Exercise: Would you please retype, exactly, the lines of the listing below between the line with "LANMASTER TWT-RACK2-42U-ADJ LANMASTER" and the line with "Latch™ (Low Bridge Fit) - Matte Carbon", inclusive?

===== Data listing

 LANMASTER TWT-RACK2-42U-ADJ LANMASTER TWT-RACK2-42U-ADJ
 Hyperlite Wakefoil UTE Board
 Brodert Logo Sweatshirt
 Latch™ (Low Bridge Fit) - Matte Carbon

==========
===== Data listing

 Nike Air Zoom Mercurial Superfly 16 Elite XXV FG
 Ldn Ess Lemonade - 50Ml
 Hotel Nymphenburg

==========
===== Data listing

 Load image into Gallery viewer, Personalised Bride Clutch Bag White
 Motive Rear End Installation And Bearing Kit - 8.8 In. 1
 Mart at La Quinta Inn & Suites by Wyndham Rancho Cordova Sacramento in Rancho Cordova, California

==========

Output for this exercise:
 LANMASTER TWT-RACK2-42U-ADJ LANMASTER TWT-RACK2-42U-ADJ
 Hyperlite Wakefoil UTE Board
 Brodert Logo Sweatshirt
 Latch™ (Low Bridge Fit) - Matte Carbon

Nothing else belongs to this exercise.